Volta aos estádios é teste de maturidade

Depende de nós manter a Covid-19 na recente trajetória de declínio ou provocar uma nova onda da doença

Por Cruzeiro do Sul

Torcida do São Bento

Após os 18 fatídicos meses do isolamento social imposto pela pandemia do novo coronavírus, o retorno gradual dos paulistas aos estádios de futebol, a partir do próximo dia 4 de outubro, justapõe significados, objetivos e desafios múltiplos para todos os setores envolvidos com o esporte e até mesmo para quem não tem nada a ver a história. Ao mesmo tempo em que representa a realização dos sonhos de milhões de pessoas -- de torcedores a atletas, de dirigentes de clubes a empreendedores, entre tantos outros --, abrangendo desde interesses econômico-financeiros a objetivos políticos, a reabertura dos portões ao público no Estado embute significativo nível de responsabilidade compartilhada e conscientização. Será um teste à nossa capacidade de obediência aos protocolos de segurança sanitária estabelecidos como contrapartida à liberação das arquibancadas. Em outras palavras, depende de nós manter a Covid-19 na recente trajetória de declínio ou provocar uma nova onda da doença.

O Comitê Científico do Governo do Estado de São Paulo, responsável pela liberação do público atribuiu aos organizadores dos eventos esportivos a execução e a fiscalização das normas sanitárias de prevenção. Para o ingresso nos estádios, os clubes devem exigir um comprovante com esquema vacinal completo, ou seja, duas doses da vacina Coronavac, Astrazeneca e Pfizer ou dose única da Janssen. Quem ainda não tiver concluído o esquema vacinal, deverá ter tomado ao menos uma dose de vacina e apresentar um teste negativo com validade de 48 horas para os do tipo PCR ou 24 horas para os testes de antígeno. O uso de máscara continua obrigatório em todos os setores das arquibancadas, assim como o distanciamento mínimo entre os torcedores. Este último item, válido durante o mês de outubro, deve ser garantido pela redução do público.

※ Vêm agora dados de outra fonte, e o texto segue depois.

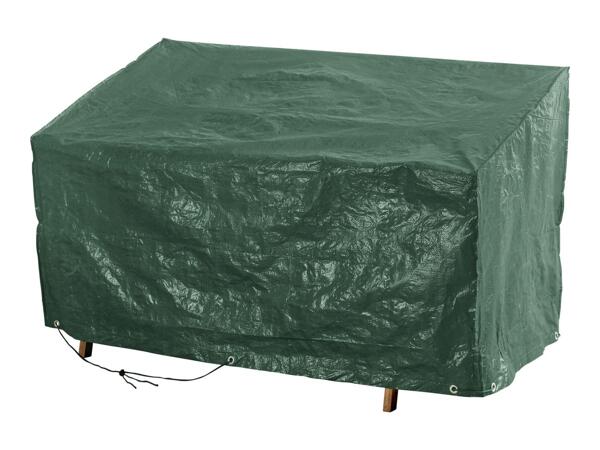 Livarno Home Garden Furniture Cover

Independentemente das limitações iniciais -- óbvias e necessárias --, a abertura prevista para daqui a dez dias será a primeira trégua concedida ao público de uma das paixões dos paulistas desde o início da pandemia. Finalmente os torcedores poderão se emocionar, comemorar, lamentar, protestar, enfim, vivenciar as competições presencialmente. Para os clubes, pode representar o tão ansiado reforço de caixa capaz de atenuar as crises financeiras -- algumas antigas -- agravadas desde março de 2020. A volta das torcidas ao seu vai e vem natural é identicamente aguardada por comerciantes e prestadores de serviços.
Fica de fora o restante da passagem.